Saturday, January 22, 2005

BFF? Liberation Theology and Born Again Political Engagement

(note: the intro is long; I've bolded the first words where the post turns to the meat of the issue)

When I was in college, I was seriously considering applying to some graduate programs that heavily utilized certain marxist and marxian modes of analysis. A handful of people said that I just wouldn't 'get it', however, since these modes of analysis are only fully available to leftists; and despite being a liberal, I'm certainly not a leftist (I love me some capitalism, for example). This bothered me considerably; it just struck me as impossibly daft to believe that some substantive political ideology is entailed by purely formal categories of reasoning.* Since then, I've become more and more interested in the problematic of the division of and relationship between formal reasoning and particular normative, ethical, or political beliefs.

This problematic is particularly stark in the curious isomorphism (structural identity) between certain species of postmodern marxist logic and Evangelical Christian logic. For example, when it comes to pedagogical indoctrination, both hold strikingly similar positions; as I wrote elsewhere:
The view of many evangelical Christians tracks certain post-structuralist and marxist views: there's no such thing as a neutral study, and the claim to neutrality is itself a deeply ideological and evangelizing act.

There's a weird, arational tension here for me; as much as I love marxian analysis, when evangelicals deploy it, I want to cry foul.......but why?

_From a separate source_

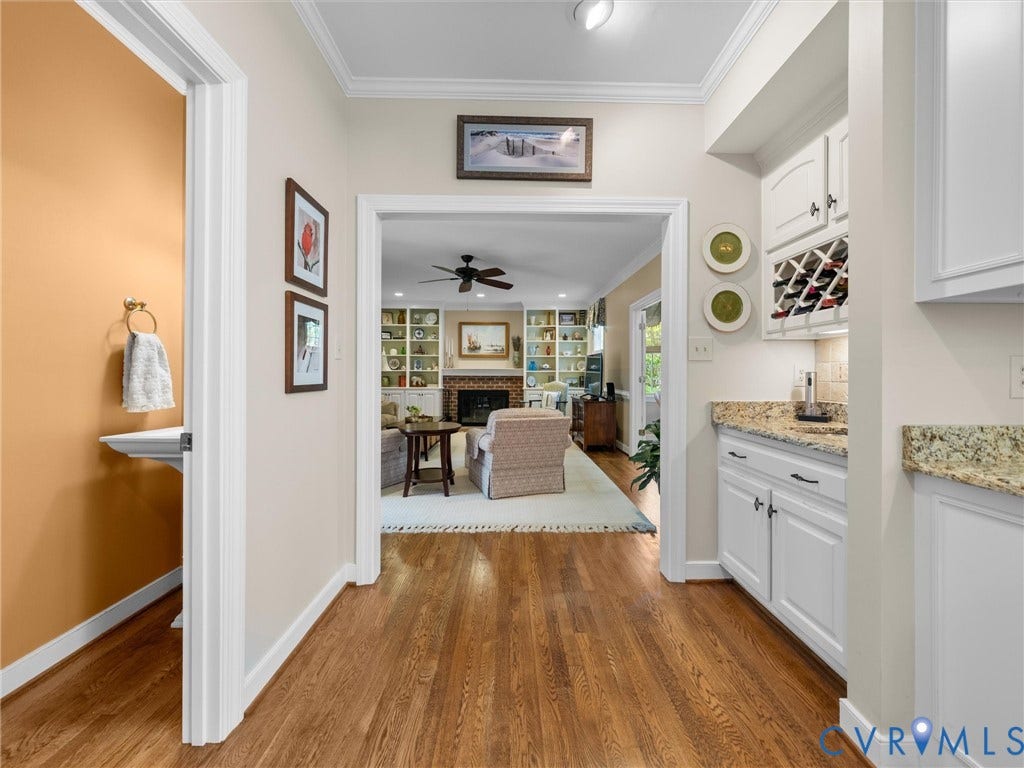 4007 College Valley Court, Henrico, VA 23233 Wet Bar with Wine Rack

I actually agree with their reasoning to an extent, but like my less-than-encouraging college pals, I claim that reasoning for my team.

All of this extended introduction brings me to this (very smart) post at Harbinger about liberation theology. This passage caught my eye:
In general, I accept Hauerwas’ ‘church as polis’ ecclesiology. Such a notion of the church guards against the compartmentalization of political and theological attitudes, a partitioning that inappropriately renders theology irrelevant to the political, one of the most important features of human existence.
Purely formally, this boundary-elimination seems wonderful to me. The compartmentalization is a reification of a staid Victorian ideology that starkly splits the private from the public; this split, in turn, enables the social power structure to operate within the private sphere, leaving the subject without a political venue in which to seek recourse. The antidote: The personal is the political! So far, so good.

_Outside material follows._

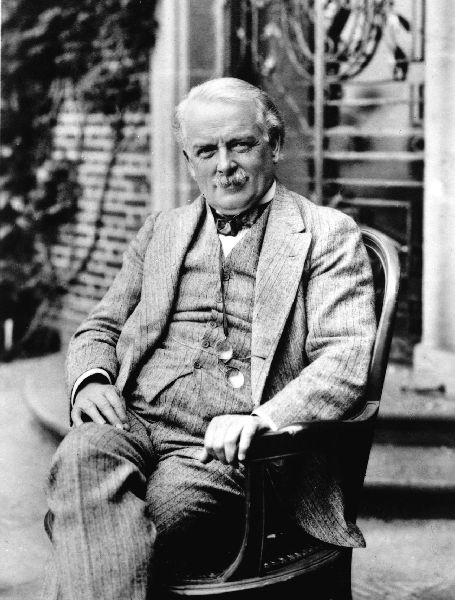 Иллюстрация к книге — Аббатство Даунтон. История гордости и предубеждений [binder1.pdfadobeacrobatpro_page_319_image_0001.jpg]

For me, however, this acceptance of the formal reasoning embodied in the above is belied by my negative reaction to the deployment of said reasoning by the Religious Right. In fact, one could characterize the recent emergence of the Religious Right as a mass acceptance of this formal reasoning; they determined that their religious lives aren't, or shouldn't be, divorced from their lives in the body politic, and acted on that reasoning. To sharpen that point, it's precisely that conflation that liberals have been absolutely railing against since the Kerry/Bush race. Their argument is based on the concept of Public Reason: for a democracy to be legitimate, its decision must be based on ideas that are accessible to everyone.

There's clearly a tension between these two ideas, however. My question is: how do we reconcile them? Do we argue, as my leftist college pals did, that the formal reasoning of 'the personal is the political' entails certain substantive political values? Do we abandon the normative notion that 'the personal is political' is always good? To do the latter ends in an adjudication between substantive values that seems arbitrary to me. Or do we bite the bullet and admit that 'the personal is political' isn't good or bad, and that its value rests solely on the substanive beliefs that are being justified by recourse to 'the personal is political'? Finally, should we abandon the idea altogether that the personal is the political?


* A bit more technically, marxism may entail substantive political beliefs if one holds all of Marx's ontological theses, one of which is a belief about the essence of man (for Marx, man is homo economicus; our sense of worth is derived from our labor and its fruits). Jettison that one belief, though, and the substantive political beliefs about state redistribution are no longer necessary. Since marxists jettisoned those beliefs long ago under the sway of post-modernist denials of essentialism, it was clear to me that one can be a contemporary marxist and an unabashed fan of capitalism. That's me in a nutshell.